**** MATERIAL PROVIDED ****
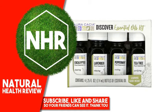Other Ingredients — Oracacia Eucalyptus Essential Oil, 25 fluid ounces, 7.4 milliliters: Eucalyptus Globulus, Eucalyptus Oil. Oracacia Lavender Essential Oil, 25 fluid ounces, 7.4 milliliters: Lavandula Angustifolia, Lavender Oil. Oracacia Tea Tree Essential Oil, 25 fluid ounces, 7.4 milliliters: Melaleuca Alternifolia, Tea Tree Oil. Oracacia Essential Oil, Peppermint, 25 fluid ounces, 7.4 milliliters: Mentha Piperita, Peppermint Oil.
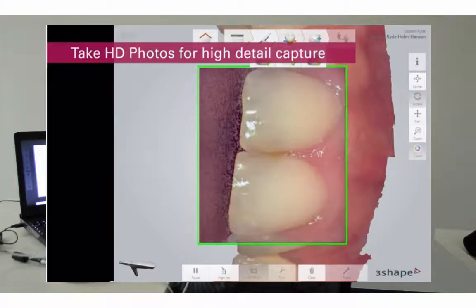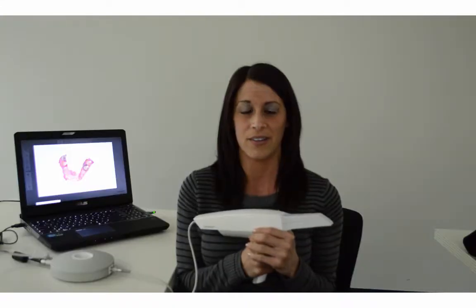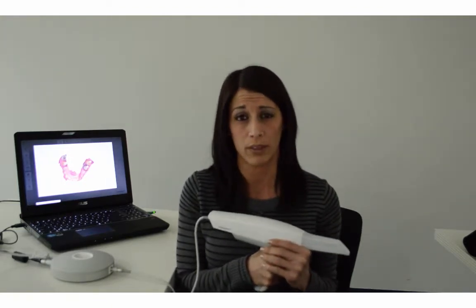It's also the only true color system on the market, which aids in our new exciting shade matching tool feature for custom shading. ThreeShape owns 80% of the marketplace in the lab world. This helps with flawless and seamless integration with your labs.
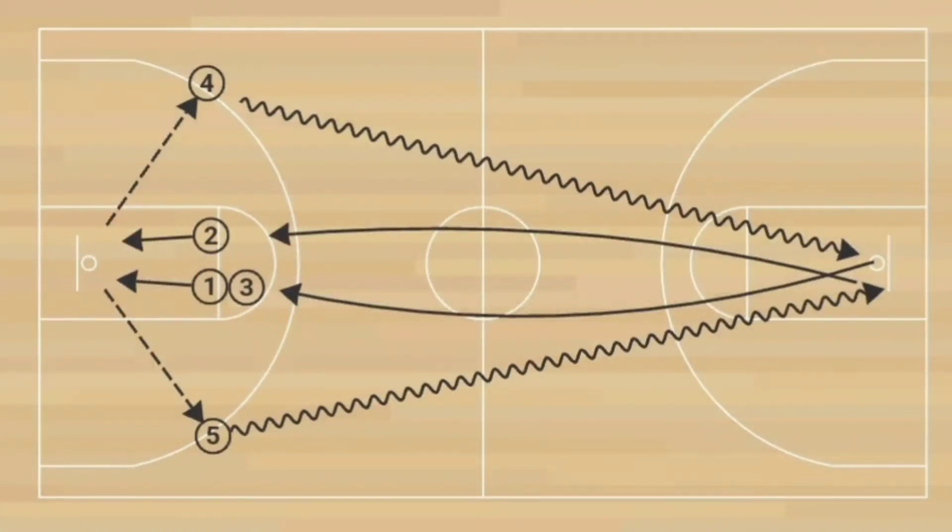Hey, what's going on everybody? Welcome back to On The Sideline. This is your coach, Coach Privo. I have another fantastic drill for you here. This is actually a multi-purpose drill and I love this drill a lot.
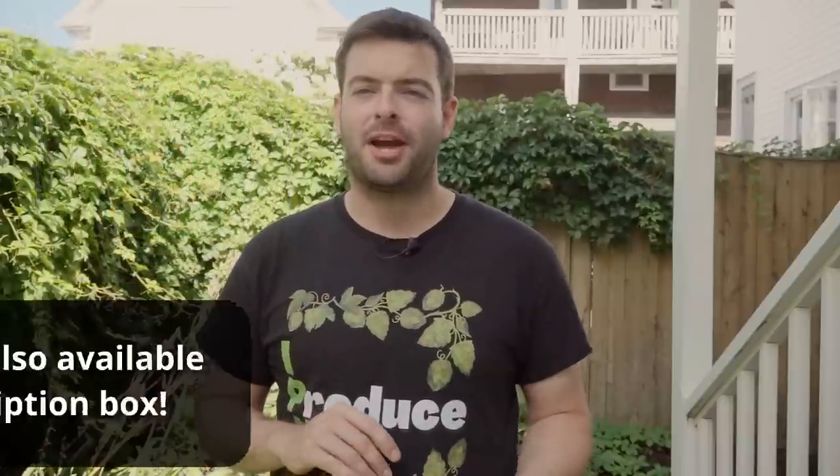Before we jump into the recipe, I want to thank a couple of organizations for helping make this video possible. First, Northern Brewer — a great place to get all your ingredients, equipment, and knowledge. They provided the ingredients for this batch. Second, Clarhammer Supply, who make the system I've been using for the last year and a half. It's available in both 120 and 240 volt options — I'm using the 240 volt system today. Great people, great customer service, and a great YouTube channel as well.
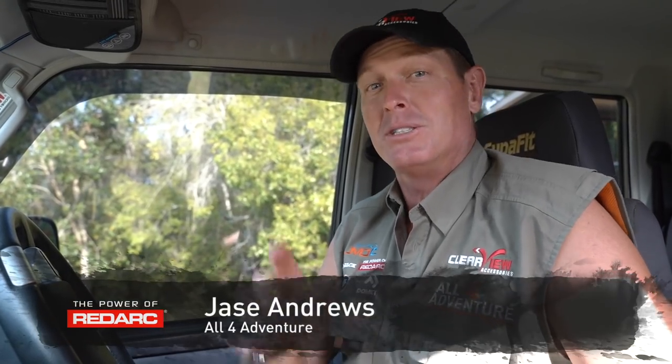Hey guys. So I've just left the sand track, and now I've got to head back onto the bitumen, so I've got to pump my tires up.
****
## WORK INSTRUCTION
The reply should hold only the lines running from the top of the records to the line containing "It's also the", both included, copied exactly with no pictures.

## OUTPUT FOR THIS TASK
Other Ingredients — Oracacia Eucalyptus Essential Oil, 25 fluid ounces, 7.4 milliliters: Eucalyptus Globulus, Eucalyptus Oil. Oracacia Lavender Essential Oil, 25 fluid ounces, 7.4 milliliters: Lavandula Angustifolia, Lavender Oil. Oracacia Tea Tree Essential Oil, 25 fluid ounces, 7.4 milliliters: Melaleuca Alternifolia, Tea Tree Oil. Oracacia Essential Oil, Peppermint, 25 fluid ounces, 7.4 milliliters: Mentha Piperita, Peppermint Oil.
It's also the only true color system on the market, which aids in our new exciting shade matching tool feature for custom shading. ThreeShape owns 80% of the marketplace in the lab world. This helps with flawless and seamless integration with your labs.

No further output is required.